▶ [Task prompt] Please reproduce the data exactly, excluding any pictures it contains.

(Records from a dataset)
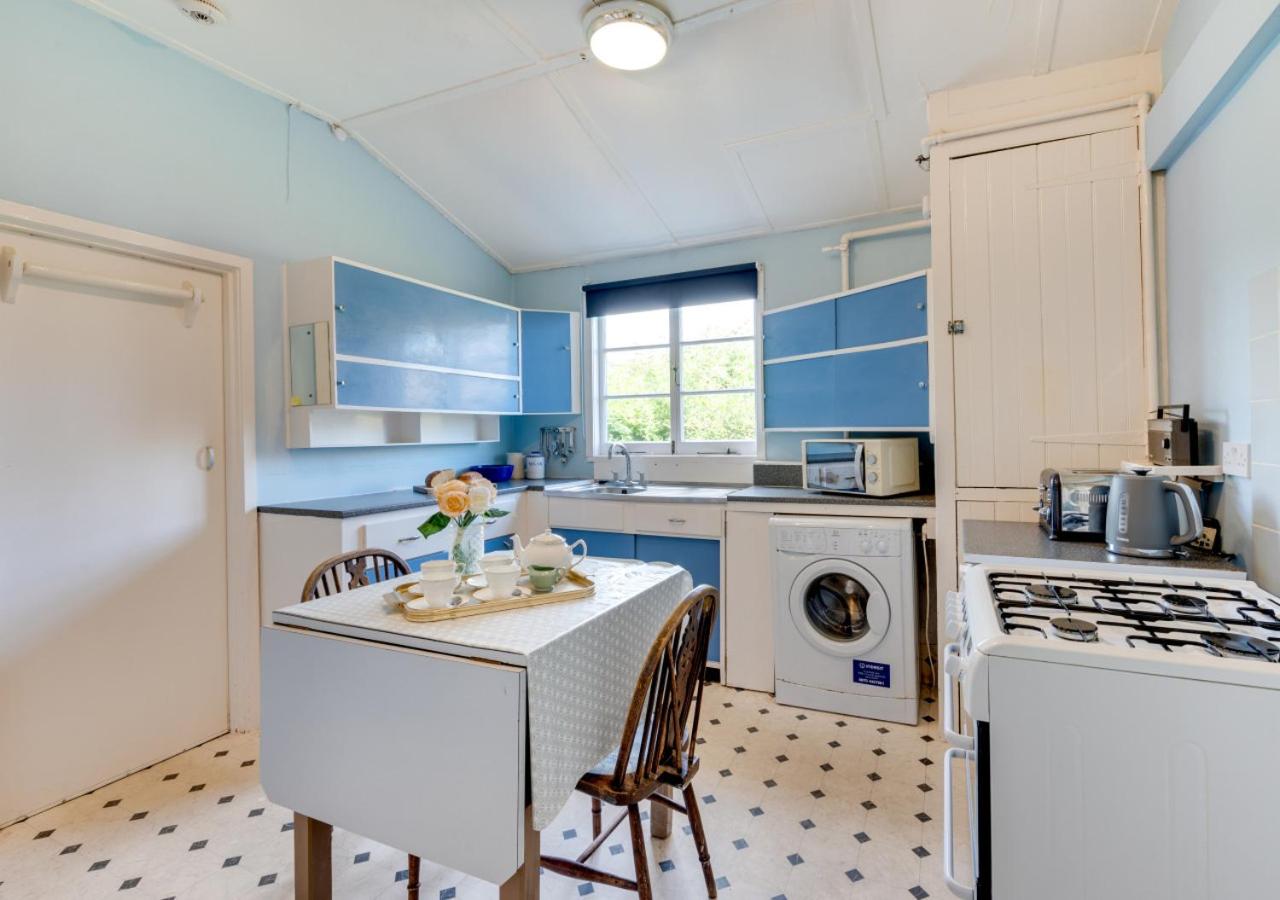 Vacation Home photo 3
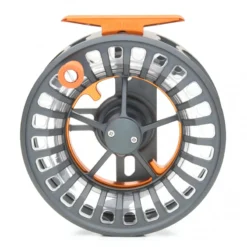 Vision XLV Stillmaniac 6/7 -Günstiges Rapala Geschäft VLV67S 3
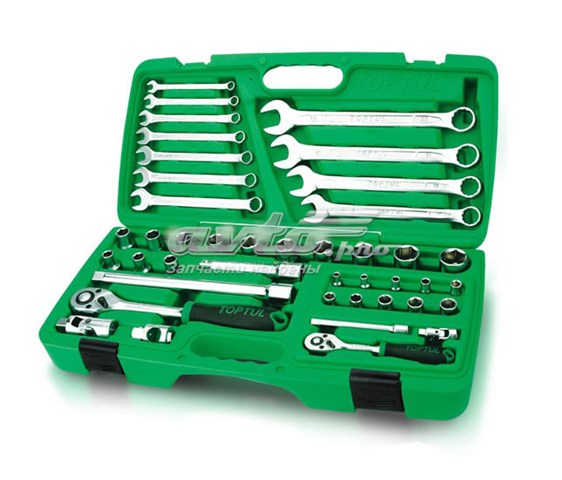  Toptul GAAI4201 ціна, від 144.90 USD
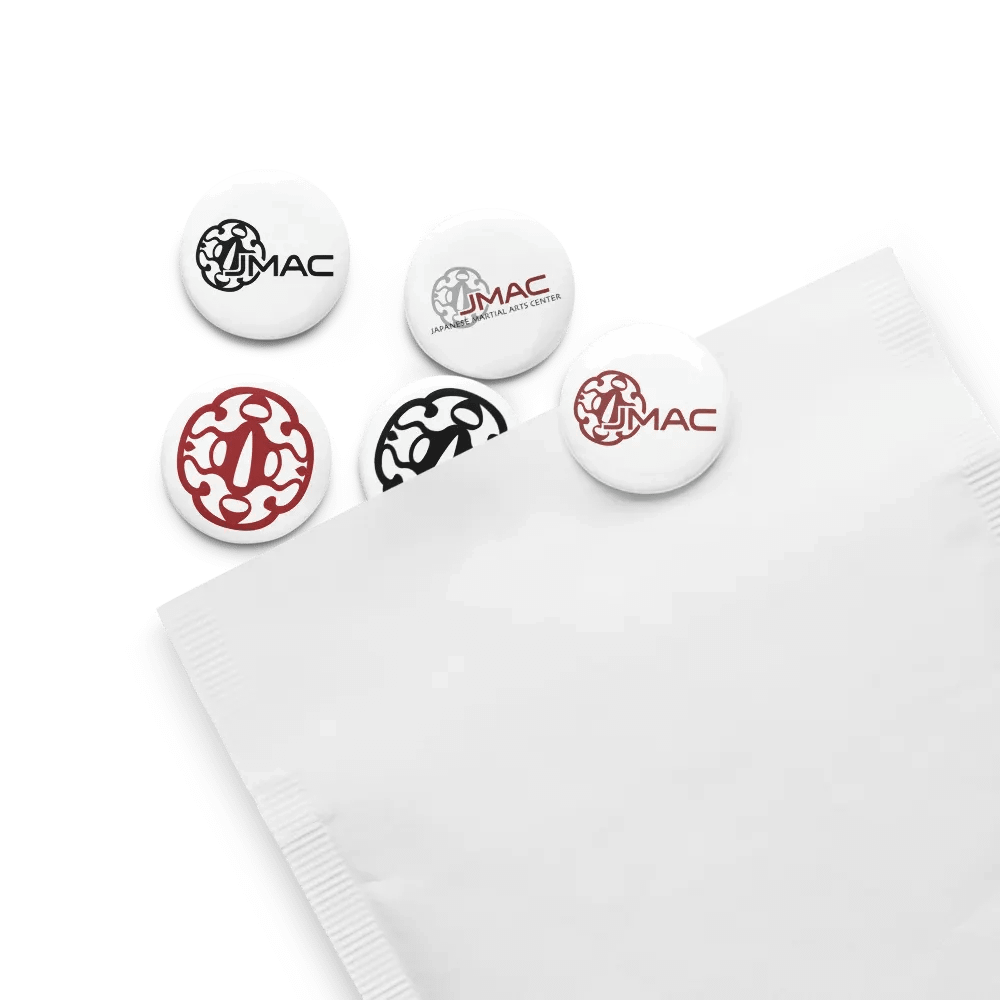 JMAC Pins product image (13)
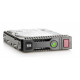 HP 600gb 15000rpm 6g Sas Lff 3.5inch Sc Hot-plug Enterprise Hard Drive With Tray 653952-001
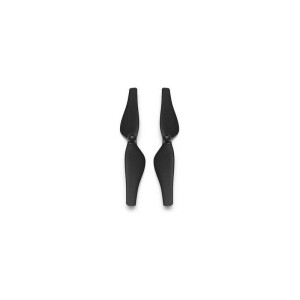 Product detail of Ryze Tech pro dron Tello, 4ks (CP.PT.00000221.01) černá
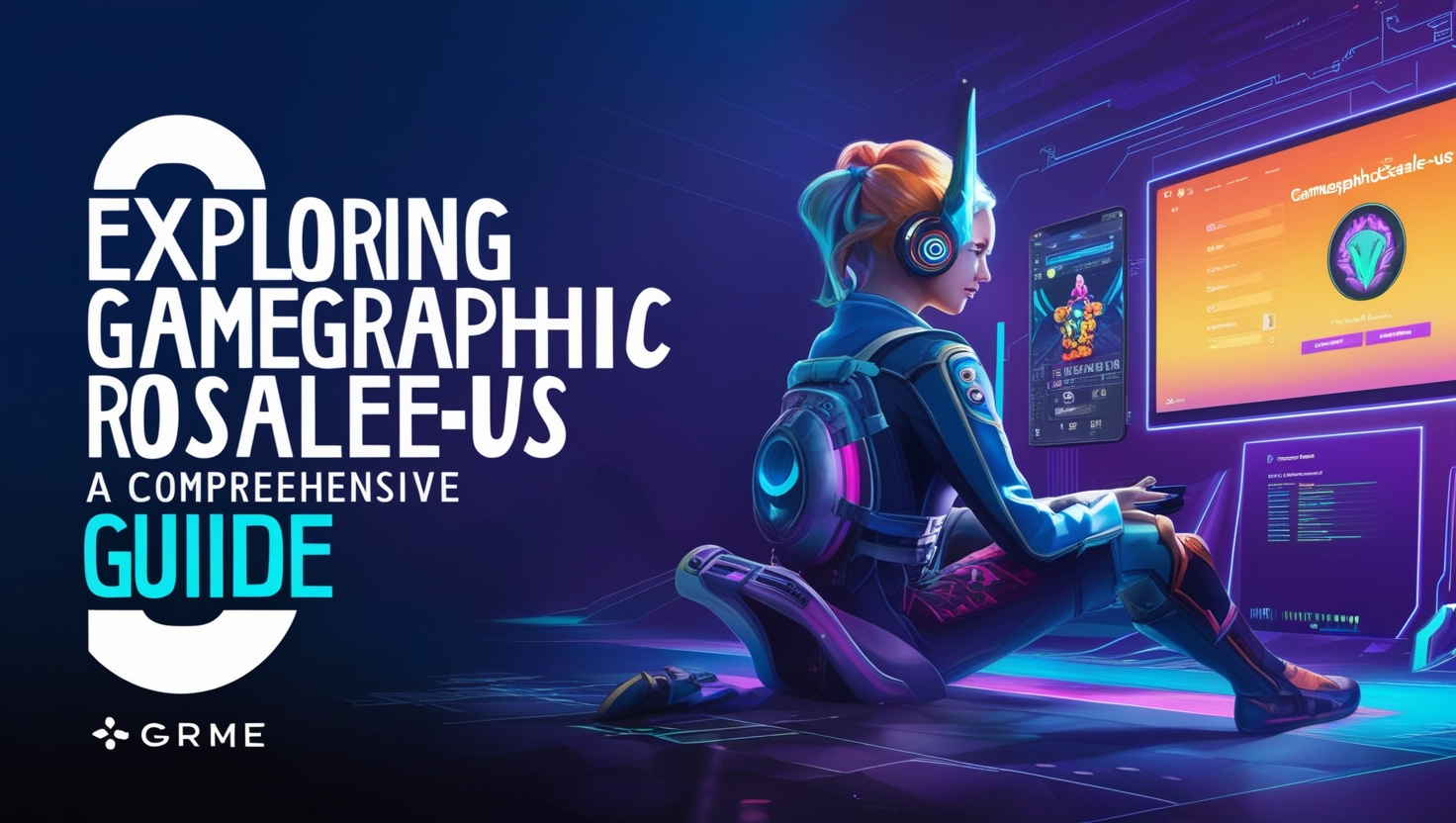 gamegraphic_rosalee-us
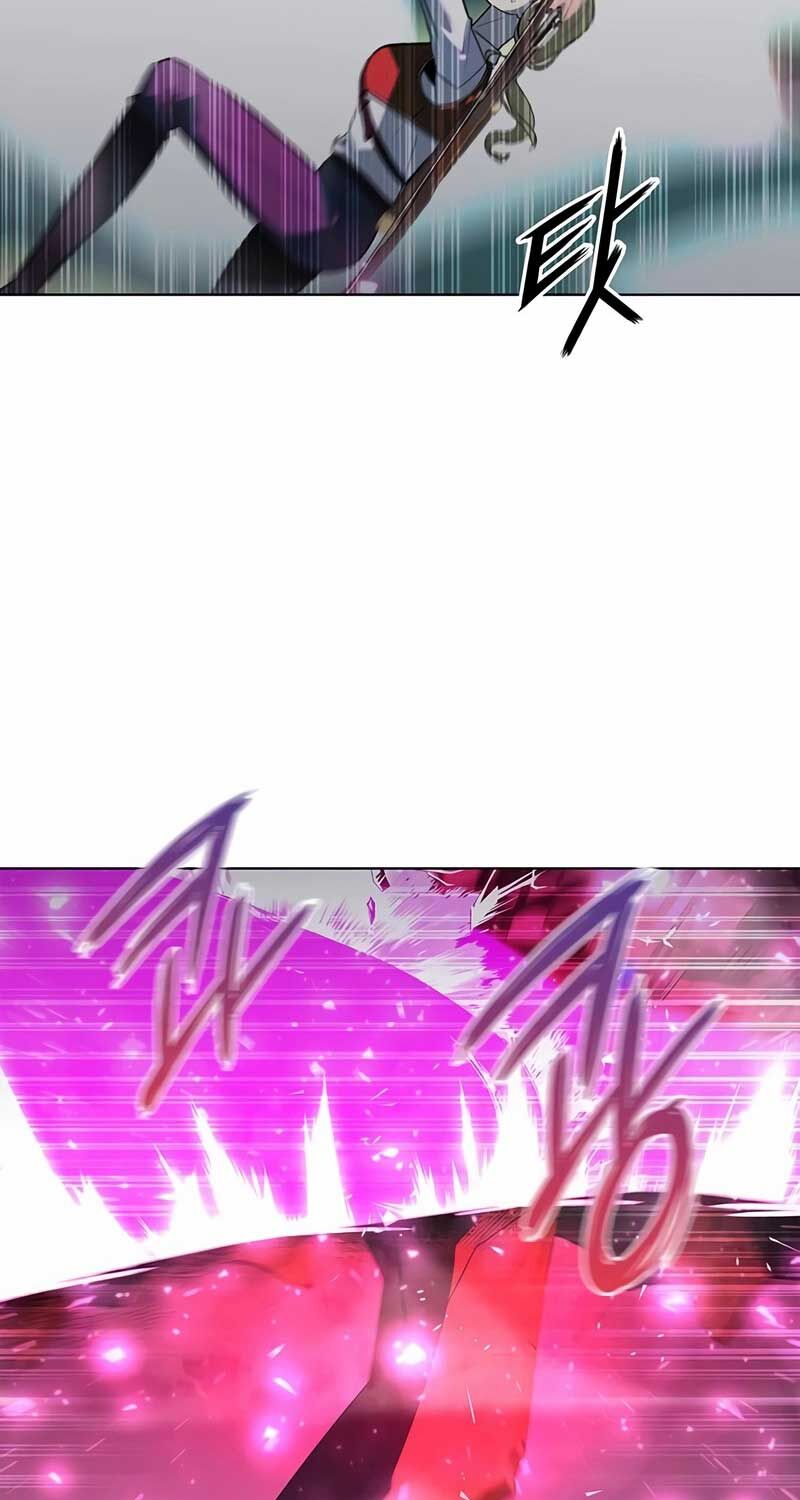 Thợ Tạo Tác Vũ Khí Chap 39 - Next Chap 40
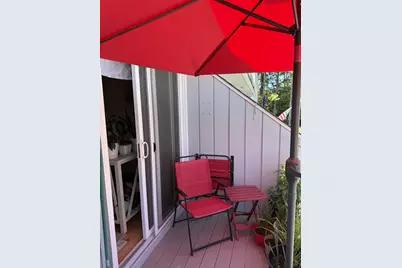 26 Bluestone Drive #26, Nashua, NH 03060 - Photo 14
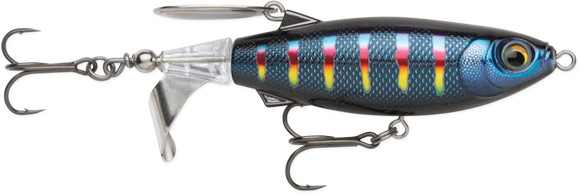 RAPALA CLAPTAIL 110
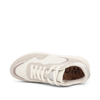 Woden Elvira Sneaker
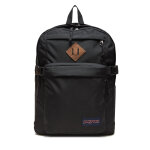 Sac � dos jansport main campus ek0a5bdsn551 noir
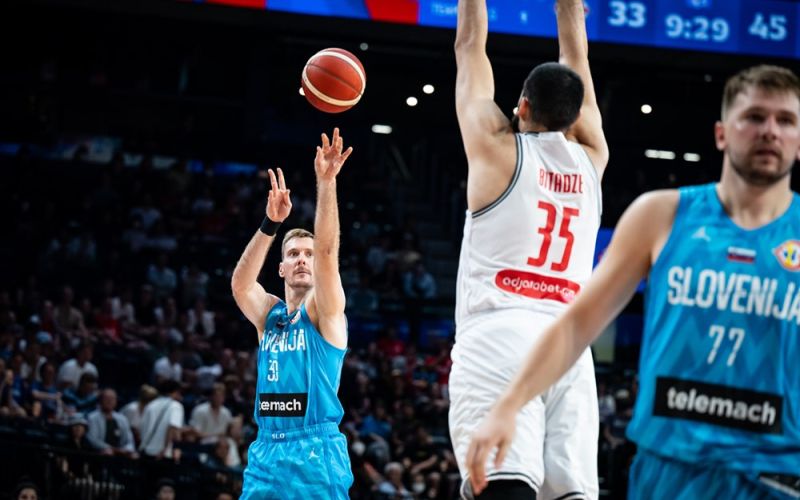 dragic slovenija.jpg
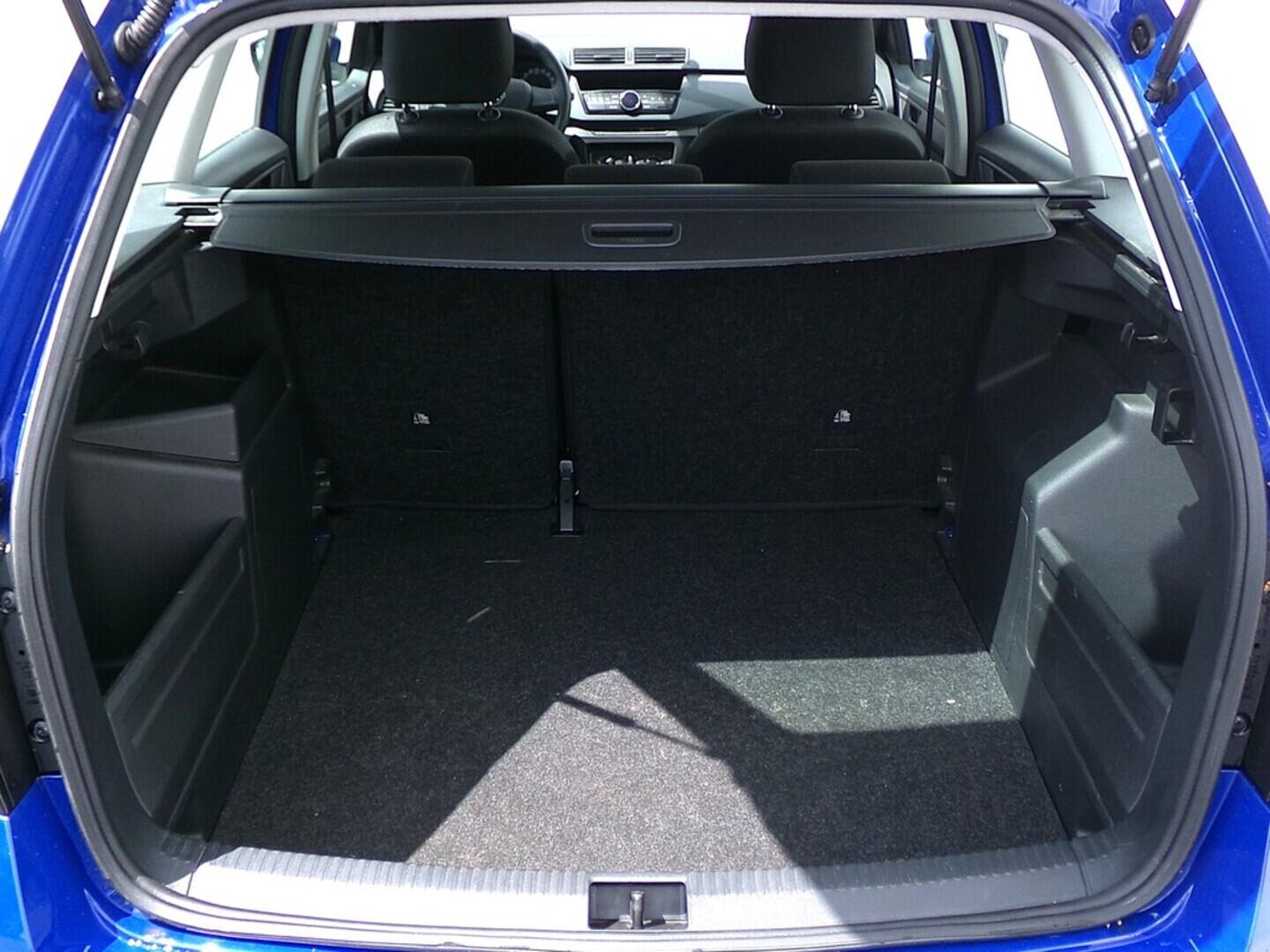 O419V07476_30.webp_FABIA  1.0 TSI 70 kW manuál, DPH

▶ [The answer]
 Vacation Home photo 3
 Vision XLV Stillmaniac 6/7 -Günstiges Rapala Geschäft VLV67S 3
  Toptul GAAI4201 ціна, від 144.90 USD
 JMAC Pins product image (13)
 HP 600gb 15000rpm 6g Sas Lff 3.5inch Sc Hot-plug Enterprise Hard Drive With Tray 653952-001
 Product detail of Ryze Tech pro dron Tello, 4ks (CP.PT.00000221.01) černá
 gamegraphic_rosalee-us
 Thợ Tạo Tác Vũ Khí Chap 39 - Next Chap 40
 26 Bluestone Drive #26, Nashua, NH 03060 - Photo 14
 RAPALA CLAPTAIL 110
 Woden Elvira Sneaker
 Sac � dos jansport main campus ek0a5bdsn551 noir
 dragic slovenija.jpg
 O419V07476_30.webp_FABIA  1.0 TSI 70 kW manuál, DPH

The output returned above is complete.